Update PoseEstimator Script

Now we can call the preprocessing methods inside the PoseEstimator script. However, we first need to make some other additions.

Add Barracuda Namespace

We need to add the Unity.Barracuda namespace so that we can work with Tensors.

using System.Collections;
using System.Collections.Generic;
using UnityEngine;
using UnityEngine.Video;
using Unity.Barracuda;

Add Public Variables

We can define a public enum for the two different model versions. We can use this to create a dropdown menu in the inspector tab to switch between the two options. We will name it ModelType.

public class PoseEstimator : MonoBehaviour
{
    public enum ModelType
    {
        MobileNet,
        ResNet50
    }

Next, we will need a public ComputeShader variable so that we can access the PoseNetShader.

We can create a dropdown for selecting the model type by defining a public ModelType variable. We will set the default value to ModelType.ResNet50.

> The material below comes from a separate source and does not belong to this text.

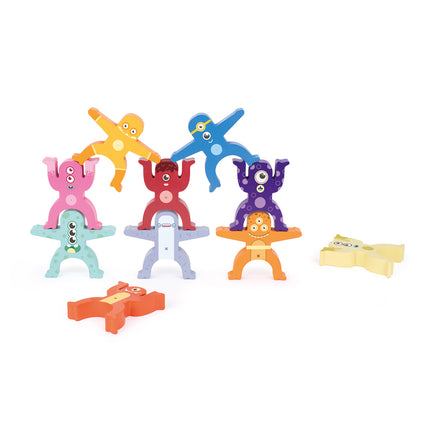Milan Wooden Educational Toy - Aliens Tower
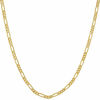 Picture of LIFETIME JEWELRY 2.5mm Figaro Chain Necklace 24k Real Gold Plated Women and Men (Gold, 20)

We also need a public bool variable to toggle between using the CPU and GPU for processing input.

Lastly, we need a public VectorInt variable to specify the dimensions of the input image. Using the original resolution of the video feed could significantly impact performance, so we will downscale the input image before feeding it to the model.

[Tooltip("The ComputeShader that will perform the model-specific preprocessing")]
public ComputeShader posenetShader;

[Tooltip("The model architecture used")]
public ModelType modelType = ModelType.ResNet50;

[Tooltip("Use GPU for preprocessing")]
public bool useGPU = true;

[Tooltip("The dimensions of the image being fed to the model")]
public Vector2Int imageDims = new Vector2Int(256, 256);

Add Private Variables

We will be maintaining the aspect ratio of the source video feed when downscaling the input image. We need to keep track of the current input dimensions so that we know when to calculate the new dimensions. Create a new private Vector2Int variable called targetDims.

Next, create a private float variable called aspectRatioScale. This will store the scaling value to update the targetDims.

The pixel data for the input image will be stored in a new private RenderTexture variable called rTex.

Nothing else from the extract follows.